What to work on:
When the line containing "George Washington is" is found in the data below, copy it and each line after it through the line containing "HALO Researchers Make", exactly and with no others.

Data section START

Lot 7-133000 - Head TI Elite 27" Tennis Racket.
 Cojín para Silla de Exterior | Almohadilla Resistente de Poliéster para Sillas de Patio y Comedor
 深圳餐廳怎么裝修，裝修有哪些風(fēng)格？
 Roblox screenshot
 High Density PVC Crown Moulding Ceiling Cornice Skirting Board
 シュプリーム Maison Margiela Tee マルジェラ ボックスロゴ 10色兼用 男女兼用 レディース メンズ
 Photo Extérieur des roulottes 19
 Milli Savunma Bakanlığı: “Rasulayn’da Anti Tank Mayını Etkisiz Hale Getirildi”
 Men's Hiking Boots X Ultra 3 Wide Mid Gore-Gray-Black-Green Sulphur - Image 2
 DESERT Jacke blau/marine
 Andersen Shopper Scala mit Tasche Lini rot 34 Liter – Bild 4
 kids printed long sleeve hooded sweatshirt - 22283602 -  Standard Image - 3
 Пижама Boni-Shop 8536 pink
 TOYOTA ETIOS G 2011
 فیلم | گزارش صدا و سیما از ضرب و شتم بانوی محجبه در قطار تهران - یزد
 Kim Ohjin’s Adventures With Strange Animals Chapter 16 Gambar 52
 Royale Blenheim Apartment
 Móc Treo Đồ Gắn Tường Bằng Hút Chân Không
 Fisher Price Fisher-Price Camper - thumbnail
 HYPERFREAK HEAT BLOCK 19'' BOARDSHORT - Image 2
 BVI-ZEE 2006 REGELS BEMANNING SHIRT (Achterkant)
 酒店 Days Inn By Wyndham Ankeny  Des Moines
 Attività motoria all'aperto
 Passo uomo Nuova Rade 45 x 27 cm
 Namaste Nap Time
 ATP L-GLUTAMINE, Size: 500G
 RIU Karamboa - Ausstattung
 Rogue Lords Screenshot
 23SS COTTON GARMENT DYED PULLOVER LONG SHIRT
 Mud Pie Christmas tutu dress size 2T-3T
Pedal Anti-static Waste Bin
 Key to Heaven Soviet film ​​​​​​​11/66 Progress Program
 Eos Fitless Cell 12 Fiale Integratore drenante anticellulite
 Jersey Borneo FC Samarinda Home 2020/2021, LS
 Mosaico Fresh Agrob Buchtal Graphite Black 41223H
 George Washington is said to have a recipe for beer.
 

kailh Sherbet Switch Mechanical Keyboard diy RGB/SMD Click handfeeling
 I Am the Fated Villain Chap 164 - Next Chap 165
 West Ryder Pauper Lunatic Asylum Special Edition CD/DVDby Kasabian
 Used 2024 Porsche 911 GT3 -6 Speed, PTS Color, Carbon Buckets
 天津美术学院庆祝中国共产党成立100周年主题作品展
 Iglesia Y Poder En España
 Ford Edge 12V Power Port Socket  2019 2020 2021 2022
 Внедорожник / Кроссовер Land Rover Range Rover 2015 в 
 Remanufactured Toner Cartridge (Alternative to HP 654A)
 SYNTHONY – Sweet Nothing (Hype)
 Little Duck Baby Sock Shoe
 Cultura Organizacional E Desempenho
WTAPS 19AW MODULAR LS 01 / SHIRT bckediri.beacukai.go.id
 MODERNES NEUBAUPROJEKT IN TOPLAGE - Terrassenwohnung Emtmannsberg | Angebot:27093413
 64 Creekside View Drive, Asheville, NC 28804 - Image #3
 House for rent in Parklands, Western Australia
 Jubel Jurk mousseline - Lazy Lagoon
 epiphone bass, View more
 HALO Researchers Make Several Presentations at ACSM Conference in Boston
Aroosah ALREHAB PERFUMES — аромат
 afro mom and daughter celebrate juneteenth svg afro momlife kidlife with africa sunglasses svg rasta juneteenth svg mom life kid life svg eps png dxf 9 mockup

Data section END

Response box:
 George Washington is said to have a recipe for beer.
 

kailh Sherbet Switch Mechanical Keyboard diy RGB/SMD Click handfeeling
 I Am the Fated Villain Chap 164 - Next Chap 165
 West Ryder Pauper Lunatic Asylum Special Edition CD/DVDby Kasabian
 Used 2024 Porsche 911 GT3 -6 Speed, PTS Color, Carbon Buckets
 天津美术学院庆祝中国共产党成立100周年主题作品展
 Iglesia Y Poder En España
 Ford Edge 12V Power Port Socket  2019 2020 2021 2022
 Внедорожник / Кроссовер Land Rover Range Rover 2015 в 
 Remanufactured Toner Cartridge (Alternative to HP 654A)
 SYNTHONY – Sweet Nothing (Hype)
 Little Duck Baby Sock Shoe
 Cultura Organizacional E Desempenho
WTAPS 19AW MODULAR LS 01 / SHIRT bckediri.beacukai.go.id
 MODERNES NEUBAUPROJEKT IN TOPLAGE - Terrassenwohnung Emtmannsberg | Angebot:27093413
 64 Creekside View Drive, Asheville, NC 28804 - Image #3
 House for rent in Parklands, Western Australia
 Jubel Jurk mousseline - Lazy Lagoon
 epiphone bass, View more
 HALO Researchers Make Several Presentations at ACSM Conference in Boston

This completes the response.